Adapter around Repr::zeroize which performs a volatile-write loop plus a SeqCst compiler fence (src/repr/mod.rs:538). Volatile writes prevent the compiler from eliding the zeroing, but the helper is not constant-time and does not flush registers/caches; this is consistent with the zeroize crate's contract.

`src/lib.rs`

`src/lib.rs`, line 847-903

    pub fn replace_range(&mut self, range: impl RangeBounds<usize>, replace_with: &str) {
        let (start, end) = self.ensure_range(range);
        let dest_len = end - start;
        match dest_len.cmp(&replace_with.len()) {
            Ordering::Equal => unsafe { self.replace_range_same_size(start, end, replace_with) },
            Ordering::Greater => unsafe { self.replace_range_shrink(start, end, replace_with) },
            Ordering::Less => unsafe { self.replace_range_grow(start, end, replace_with) },
        }
    }

    /// Replace into the same size.
    unsafe fn replace_range_same_size(&mut self, start: usize, end: usize, replace_with: &str) {
        core::ptr::copy_nonoverlapping(
            replace_with.as_ptr(),
            self.as_mut_ptr().add(start),
            end - start,
        );
    }

    /// Replace, so self.len() gets smaller.
    unsafe fn replace_range_shrink(&mut self, start: usize, end: usize, replace_with: &str) {
        let total_len = self.len();
        let dest_len = end - start;
        let new_len = total_len - (dest_len - replace_with.len());
        let amount = total_len - end;
        let data = self.as_mut_ptr();
        // first insert the replacement string, overwriting the current content
        core::ptr::copy_nonoverlapping(replace_with.as_ptr(), data.add(start), replace_with.len());
        // then move the tail of the CompactString forward to its new place, filling the gap
        core::ptr::copy(
            data.add(total_len - amount),
            data.add(new_len - amount),
            amount,
        );
        // and lastly we set the new length
        self.set_len(new_len);
    }

    /// Replace, so self.len() gets bigger.
    unsafe fn replace_range_grow(&mut self, start: usize, end: usize, replace_with: &str) {
        let dest_len = end - start;
        self.reserve(replace_with.len() - dest_len);
        let total_len = self.len();
        let new_len = total_len + (replace_with.len() - dest_len);
        let amount = total_len - end;
        // first grow the string, so MIRI knows that the full range is usable
        self.set_len(new_len);
        let data = self.as_mut_ptr();
        // then move the tail of the CompactString back to its new place
        core::ptr::copy(
            data.add(total_len - amount),
            data.add(new_len - amount),
            amount,
        );
        // and lastly insert the replacement string
        core::ptr::copy_nonoverlapping(replace_with.as_ptr(), data.add(start), replace_with.len());
    }

replace_range and its three unsafe helpers (same_size, shrink, grow). Each path is reached only after ensure_range validates the bounds and char boundaries; reserve is called before set_len for the grow path. Exercised by both proptests and the ReplaceRange fuzz action.

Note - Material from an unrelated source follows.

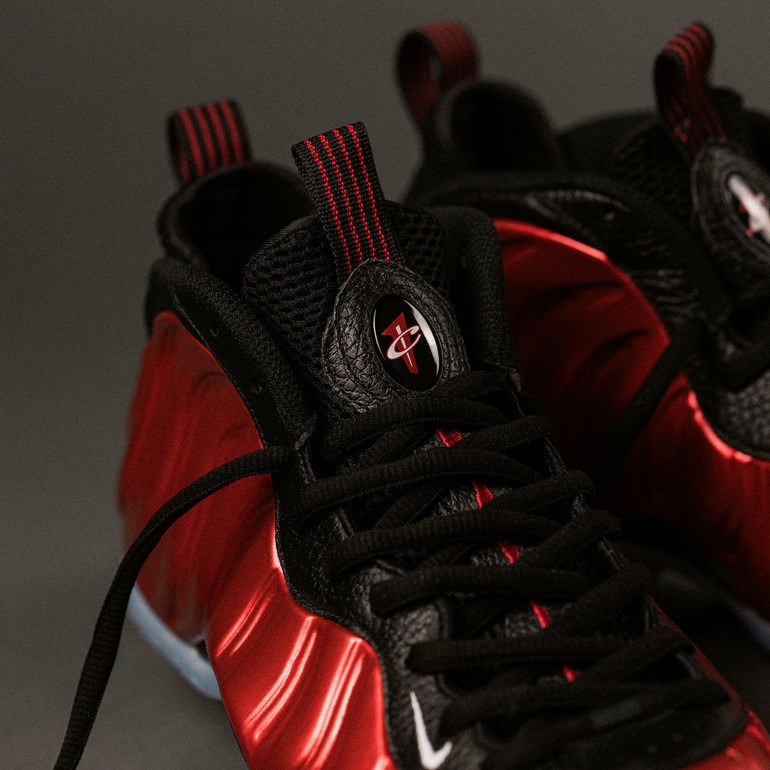 black and red foamposites 2017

`src/lib.rs`, line 998-1022

    pub fn insert_str(&mut self, idx: usize, string: &str) {
        assert!(self.is_char_boundary(idx), "idx must lie on char boundary");

        let new_len = self.len() + string.len();
        self.reserve(string.len());

        // SAFETY: We just checked that we may split self at idx.
        //         We set the length only after reserving the memory.
        //         We fill the gap with valid UTF-8 data.
        unsafe {
            // first move the tail to the new back
            let data = self.as_mut_ptr();
            core::ptr::copy(
                data.add(idx),
                data.add(idx + string.len()),
                new_len - idx - string.len(),
            );

            // then insert the new bytes
            core::ptr::copy_nonoverlapping(string.as_ptr(), data.add(idx), string.len());

            // and lastly resize the string
            self.set_len(new_len);
        }
    }

insert_str validates the index lies on a char boundary, reserves before computing pointers, then performs an in-place ptr::copy followed by a non-overlapping write. Verified by the InsertStr fuzz action.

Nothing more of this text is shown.